Consider any number of other examples. We all drive cars. This has various benefits that we are all familiar with. But it also has costs – people die and are seriously injured in automobile accidents. What do we do about this? Well, we could criminalise driving. But instead we try to make cars and roads safer in various ways, and we try to find ways to make it more probable that people will survive road traffic accidents. Consider hunting. Whatever you think about the ethics of hunting, it clearly has some costs. People get shot. Hunters get shot, and so do random folk walking through forests. We (by which I mean the US) could ban hunting. But instead people are advised to wear bright clothing when they walk through forested areas during hunting season. We try to mitigate the dangers. I invite you to think about the use of the internet, credit cards, air conditioning, travel by aircraft, travel overseas, the taking of medicines and vaccinations.

These, and so many other activities, are things that most of us think have certain benefits, but also bring certain risks. The taking of aspirin, and the ingestion of alcohol are two pretty obvious cases. Both have certain benefits, and both have very obvious drawbacks. In 2006 7600 people died from taking aspirin (or other NSAIDS) in the US alone, and 85 000 people died in the US of alcohol related injury. Do we criminalise NSAIDS or alcohol? Well no. We do try to minimise their harms in various ways – we try to prevent people drinking and driving, we offer alcohol rehabilitation programs and so forth. Now, if any of these activities had no benefit at all, and had only costs, it seems likely that we would be more inclined to try and prevent them, and might even criminalise them. So if you think that active euthanasia has no benefits at all – that it does not ease suffering and that it does not provide people with choices about how their life will end, at a time in their life when they may not have many choices left (or that if it does, that is not a good thing), then the fact that there are certain risks associated with legalised active euthanasia would be a good reason not to legalise it.

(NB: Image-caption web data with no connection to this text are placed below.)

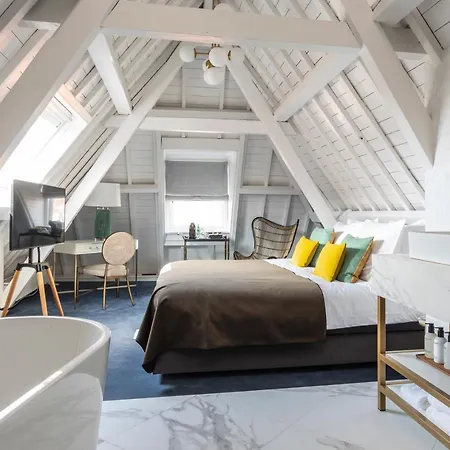 Hotel Poorter Boutique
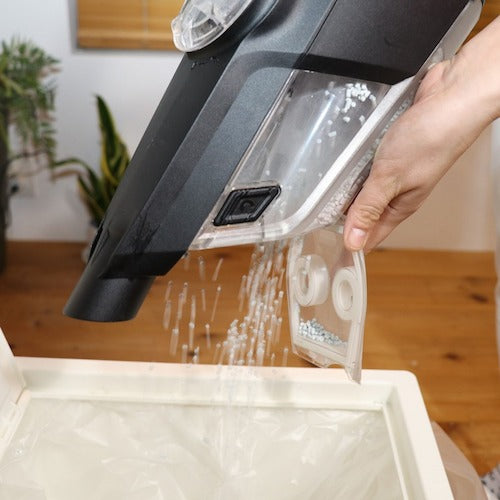 ボッシュ コードレスクリーナー GAS18V-1N 1 台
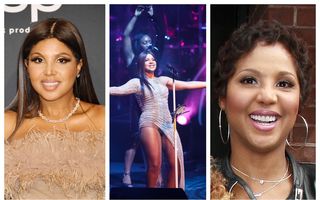 Toni Braxton, 59 de ani. A vândut milioane de albume, dar a pierdut tot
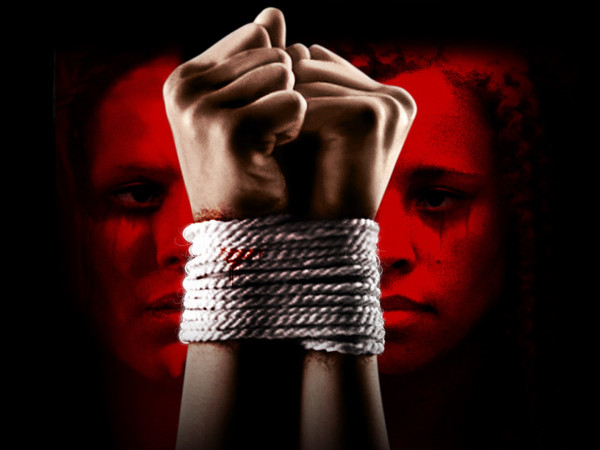 Оракабесса: плен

But it is interesting that arguments such as the one we are considering here, seem to have such power in the domain of public policy regarding euthanasia, where analogous arguments have so little power in analogous public policy decisions. 435 000 people die in the US from tobacco related illnesses every year. But tobacco is legal despite the fact that there are not really so many benefits to be had from it, except of course a love of smoking.

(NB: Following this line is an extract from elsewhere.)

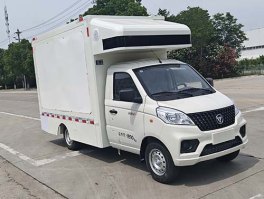 餐车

Perhaps it is a individual’s right to choose to smoke or not, and it is society’s duty to try and minimise the damage done: offering nicotine patches, quit lines, and replacement lungs. But if that is so, then why is that not also our attitude to the debate about euthanasia? Perhaps there are some risks related to legalising active euthanasia. That is a good reason to try and find ways to minimise any harm – to find ways to make sure that vulnerable people are not bullied into making decisions they have no desire to make; to make sure that older depressed patients are treated for their depression; to make sure that aged and frail people do not feel that they are not valued or that it would be better for the world if they were not in it. Indeed these, surely, are things we ought to be doing anyway. But why ought the fact that these risks exist be a strong reason to be suspicious of euthanasia, when the fact that 26 000 people die car accidents each year is not a reason to be suspicious of driving?

I think it bears thinking about why we find this peculiar asymmetry in the debate about euthanasia.